The River and I | Page 6

John G. Neihardt
A devil to fight, a giant to endure, and an angel to forgive!
He was in the Leavenworth campaign against the Aricaras, and
afterward he went as a hunter with the Henry expedition. He had a
friend--a mere boy--and these two were very close. One day Glass, who
was in advance of the party, beating up the country for game, fell in
with a grizzly; and when the main party came up, he lay horribly
mangled with the bear standing over him. They killed the bear, but the
old man seemed done for; his face had all the features scraped off, and
one of his legs went wabbly when they lifted him.
It was merely a matter of one more man being dead, so the expedition

pushed on, leaving the young friend with several others to see the old
man under ground. But the old man was a fighter and refused to die,
though he was unconscious: held on stubbornly for several days, but it
seemed plain enough that he would have to let go soon. So the young
friend and the others left the old man in the wilderness to finish up the
job by himself. They took his weapons and hastened after the main
party, for the country was hostile.
But one day old Glass woke up and got one of his eyes open. And when
he saw how things stood, he swore to God he would live, merely for the
sake of killing his false friend. He crawled to a spring near by, where
he found a bush of ripe bull-berries. He waited day after day for
strength, and finally started out to crawl a small matter of one hundred
miles to the nearest fort. And he did it, too! Also he found his friend
after much wandering--and forgave him.
Fancy Æschylus working up that story with the Furies for a chorus and
Nemesis appearing at intervals to nerve the old hero!
[Illustration: AFTER THE SPRING BREAK-UP.]
[Illustration: "HOLE-IN-THE-WALL" ON THE UPPER MISSOURI.]
[Illustration: PALISADES OF THE UPPER MISSOURI.]
And Rose the Renegade, who became the chief of a powerful tribe of
Indians! And Father de Smet, one of the noblest figures in history,
carrying the gospel into the wilderness! And Le Barge, the famous pilot,
whose biography reads like a romance! In the history of the Missouri
River there were hundreds of these heroes, these builders of the epic
West. Some of them were violent at times; some were good men and
some were bad. But they were masterful always. They met obstacles
and overcame them. They struck their foes in front. They thirsted in
deserts, hungered in the wilderness, froze in the blizzards, died with the
plagues, and were massacred by the savages. Yet they conquered.

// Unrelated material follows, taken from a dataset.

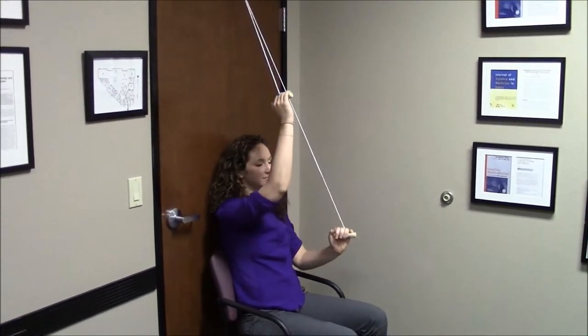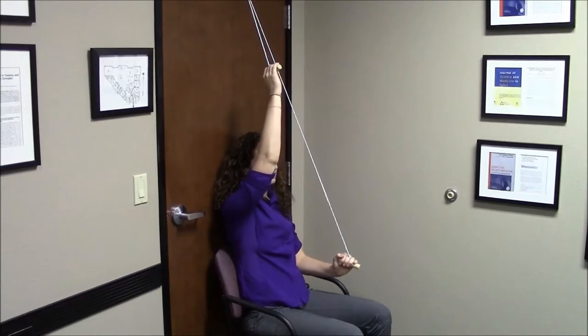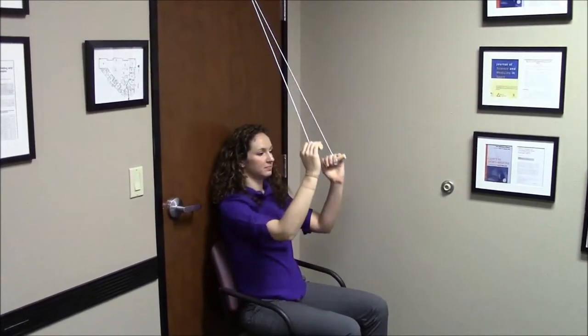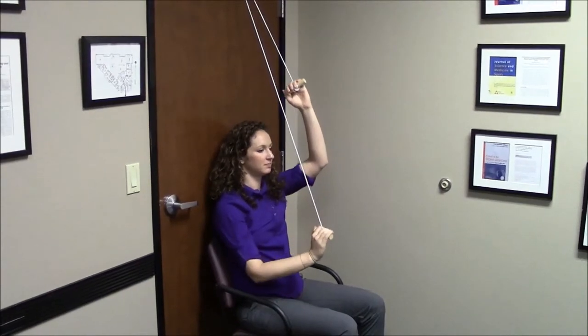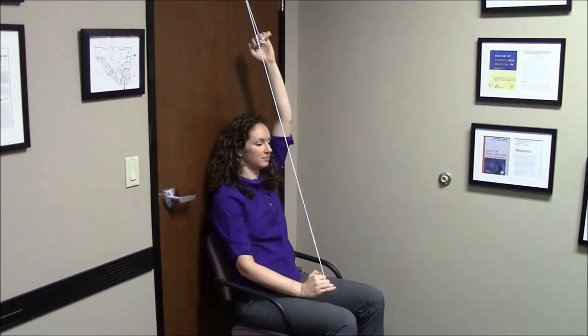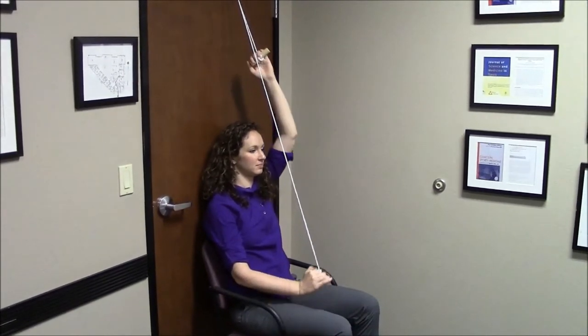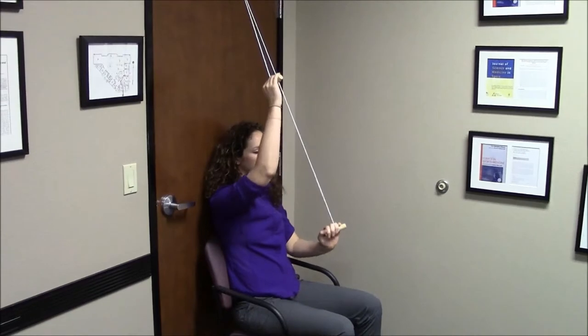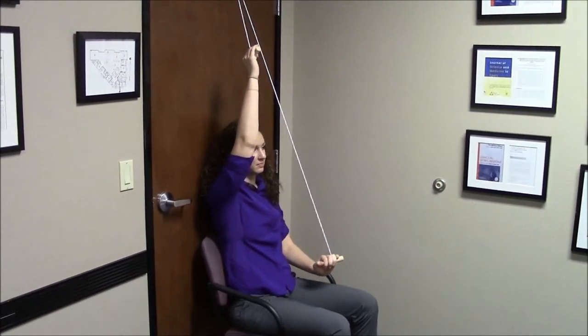As you progress in your range of motion with the pulley, face with your back towards the door to increase the range of motion performed during the pulley exercise. As you see in this video, pause at the top of the range of motion with your injured arm to optimize the amount of stretching in your shoulder.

Heroes of an unwritten epic! And their pathway to defeat and victory
was the Missouri River.

If you wish to have your epic spiced with the glamour of kings, the
history of the river will not fail you; for in those days there were kings
as well as giants in the land. Though it was not called such, all the
blank space of the map of the Missouri River country and even to the
Pacific, was one vast empire--the empire of the American Fur
Company; and J.J. Astor in New York spoke the words that filled the
wilderness with deeds. Thus democratic America once beheld within
her own confines the paradox of an empire truly Roman in character.

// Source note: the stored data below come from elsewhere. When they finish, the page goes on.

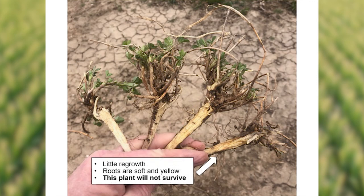The plant on the right showed the smallest amount of regrowth. When I dug the plant up and split the stem, the root system was soft and the most discolored. I would say this plant is probably not going to survive, and we won't count this as a good one in our stand evaluation.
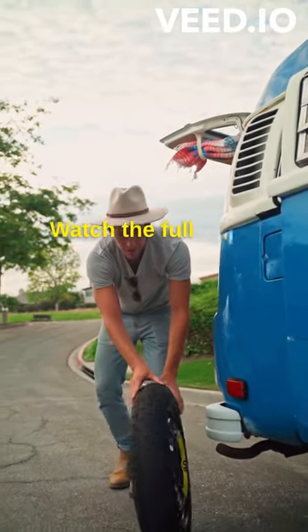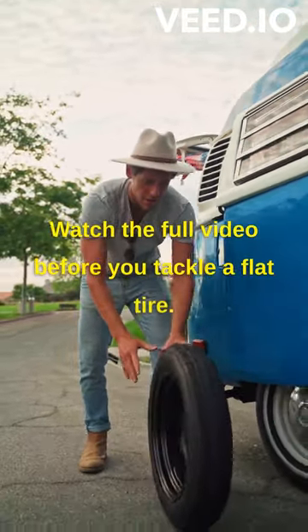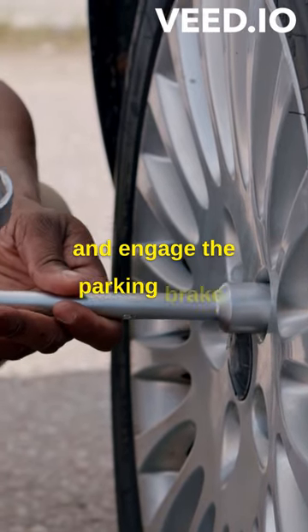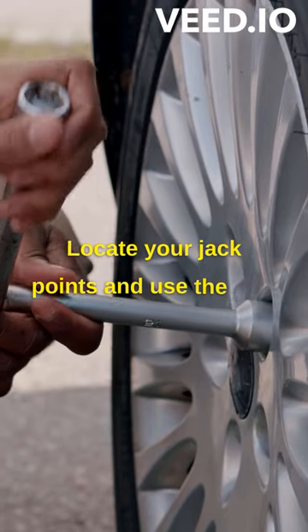Ensure you're well prepared — watch the full video before you tackle a flat tire. Park on a flat, safe surface and engage the parking brake. Locate your jack points and use the jack to lift the car off the ground.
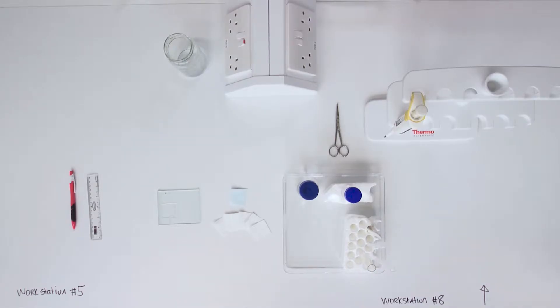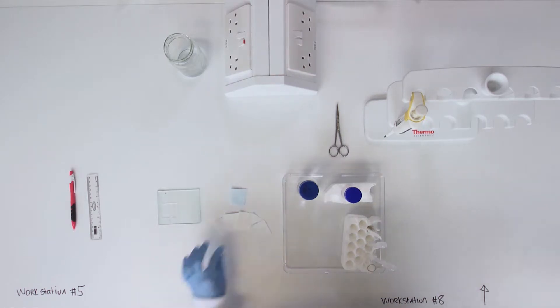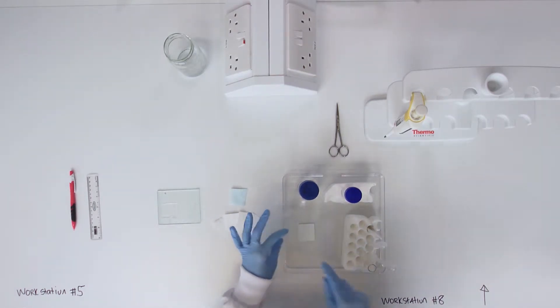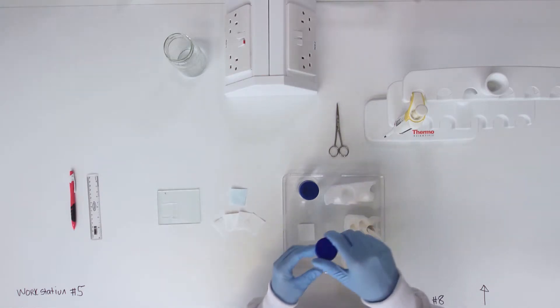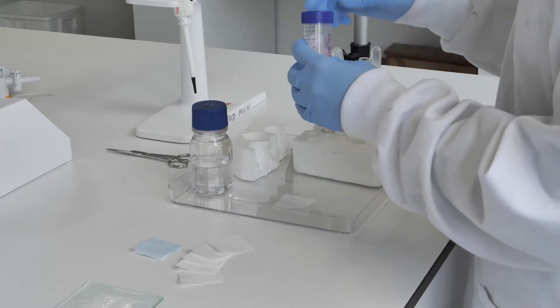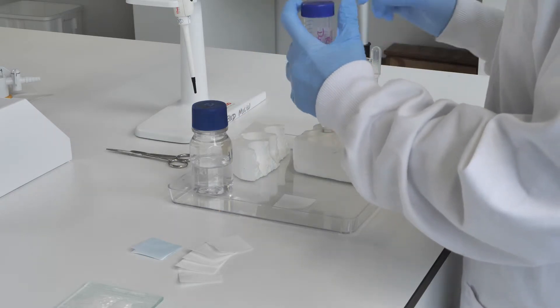Assemble the blotting sandwich on a clean, flat surface. Lay three sheets of filter paper down, wetting each with transfer buffer and rolling with a clean glass tube to remove air bubbles.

Here and there on the banks of the great waterway--an imperial road
that would have delighted Cæsar--many forts were built. These were
the ganglia of that tremendous organism of which Astor was the brain.
The bourgeois of one of these posts was virtually proconsul with
absolute power in his territory. Mackenzie at Union--which might be
called the capital of the Upper Missouri country--was called "King of
the Missouri." He had an eye for seeing purple. At one time he ordered
a complete suit of armor from England; and even went so far as to have
medals struck, in true imperial fashion, to be distributed among his
loyal followers.
Far and wide these Western American kings flung the trappers, their
subjects, into the wilderness. Verily, in the unwritten "Missouriad"
there is no lack of regal glamour.
The ancients had a way of making vast things small enough to be
familiar. They make gods of the elements, and natural phenomena
became to them the awful acts of the gods.
These moderns made no gods of the elements--they merely conquered
them! The ancients idealized the material. These moderns materialized
the ideal. The latter method is much more appealing to me--an
American--than the former. I love the ancient stories; but it is for the
modern marvellous facts that I reserve my admiration.